Holtec seeks $300M for Palisades restart from Michigan

By ExchangeMonitor

Holtec Decommissioning International wants the state of Michigan to provide $300 million to restart the shuttered Palisades Nuclear Generating Station, a state lawmaker confirmed Tuesday.

State Rep. Pauline Wendzel (R), first reported as one of two sources of the information by the local Herald-Palladium, confirmed the figure in an email Tuesday to the Exchange Monitor. State Rep. Joey Andrews (D), the other source in the Herald-Palladium’s story, did not reply to a request for comment.

“I assume they’ll request an appropriation from the Legislature unless they have another route they’re seeking,” Wendzel wrote in her email.
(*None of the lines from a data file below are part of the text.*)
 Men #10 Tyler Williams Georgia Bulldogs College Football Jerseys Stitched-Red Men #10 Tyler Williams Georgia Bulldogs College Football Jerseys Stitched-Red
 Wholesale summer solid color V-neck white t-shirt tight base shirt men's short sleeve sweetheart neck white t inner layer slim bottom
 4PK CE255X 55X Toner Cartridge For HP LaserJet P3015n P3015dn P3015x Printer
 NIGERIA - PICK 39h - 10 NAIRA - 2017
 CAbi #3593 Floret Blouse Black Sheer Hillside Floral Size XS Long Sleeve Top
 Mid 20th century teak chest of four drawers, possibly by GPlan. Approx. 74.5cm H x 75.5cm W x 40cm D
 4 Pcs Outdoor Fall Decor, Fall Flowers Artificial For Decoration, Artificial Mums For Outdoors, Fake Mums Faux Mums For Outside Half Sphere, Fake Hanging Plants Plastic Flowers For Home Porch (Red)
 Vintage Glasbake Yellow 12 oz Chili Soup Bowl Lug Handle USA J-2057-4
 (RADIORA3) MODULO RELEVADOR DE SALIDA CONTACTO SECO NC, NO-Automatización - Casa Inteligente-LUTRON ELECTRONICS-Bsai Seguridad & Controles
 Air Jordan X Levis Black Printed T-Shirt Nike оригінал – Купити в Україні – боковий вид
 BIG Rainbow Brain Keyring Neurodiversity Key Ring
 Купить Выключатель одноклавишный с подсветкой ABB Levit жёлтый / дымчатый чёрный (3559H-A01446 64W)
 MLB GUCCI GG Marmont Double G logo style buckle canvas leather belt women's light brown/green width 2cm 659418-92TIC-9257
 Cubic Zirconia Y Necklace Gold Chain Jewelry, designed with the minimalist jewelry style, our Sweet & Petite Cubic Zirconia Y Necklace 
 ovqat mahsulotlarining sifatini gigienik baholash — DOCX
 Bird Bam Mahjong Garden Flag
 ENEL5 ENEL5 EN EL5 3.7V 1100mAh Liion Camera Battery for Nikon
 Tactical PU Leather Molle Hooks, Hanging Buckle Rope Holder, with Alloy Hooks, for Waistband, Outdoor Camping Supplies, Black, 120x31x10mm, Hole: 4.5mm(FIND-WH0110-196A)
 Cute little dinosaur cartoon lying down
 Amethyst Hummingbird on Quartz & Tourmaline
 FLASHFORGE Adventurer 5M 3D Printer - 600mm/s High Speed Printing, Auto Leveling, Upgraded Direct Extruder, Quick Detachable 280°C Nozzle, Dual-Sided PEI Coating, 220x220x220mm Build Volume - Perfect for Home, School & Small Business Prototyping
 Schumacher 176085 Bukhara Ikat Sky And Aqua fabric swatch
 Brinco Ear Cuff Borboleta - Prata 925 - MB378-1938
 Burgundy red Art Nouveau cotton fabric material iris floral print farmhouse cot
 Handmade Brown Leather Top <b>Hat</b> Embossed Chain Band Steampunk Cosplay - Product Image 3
A “financial commitment from Michigan and a power purchase agreement are both essential to making a return to operations feasible,” a Holtec spokesperson wrote in an email on Tuesday.

Holtec, Jupiter, Fla., in February applied for a Department of Energy loan, under a program authorized by the Energy Policy Act of 2005, to restart Palisades, which shut down in May 2022. 

The Holtec spokesperson said Tuesday the company continued to “work with the Department of Energy through the loan application process.”

The 39th state House of Representatives district that Wendzel represents is about 35 miles west by road from Kalamazoo, Mich., near the southeastern shores of Lake Michigan and close to Covert, Mich., home of the Palisades plant. The waterfront 38th district Andrews represents includes the plant itself and is immediately west of the district Wendzel represents.

Holec’s DOE loan application is the company’s second attempt in as many years to secure federal funding to reopen the plant, in Covert, Mich., which Holtec bought from Entergy in June 2022. Entergy agreed to sell to Holtec in 2018.

In 2022, DOE turned down Holtec’s application for a share of the $6-billion Congress approved to bail out financially struggling nuclear power plants as part of the Infrastructure Investment and Jobs Act. Diablo Canyon in Avila Beach, Calif., got the award instead, clinching essentially all of the funding, about $1 billion, available in the first year of the five-year bailout program.

Diablo Canyon’s operator, Pacific Gas & Electric, also got a significant bailout from California: more than $1 billion.

After Diablo Canyon walked away with the federal bailout plan’s first award, DOE published rules for the second round of the bailout that appeared to qualify Palisades to apply. However, the company decided to apply for a loan instead.

Meanwhile, Holtec has been working with the Nuclear Regulatory Commission on the regulatory options for restarting the shuttered Palisades reactor, something essentially unprecedented in the agency’s history.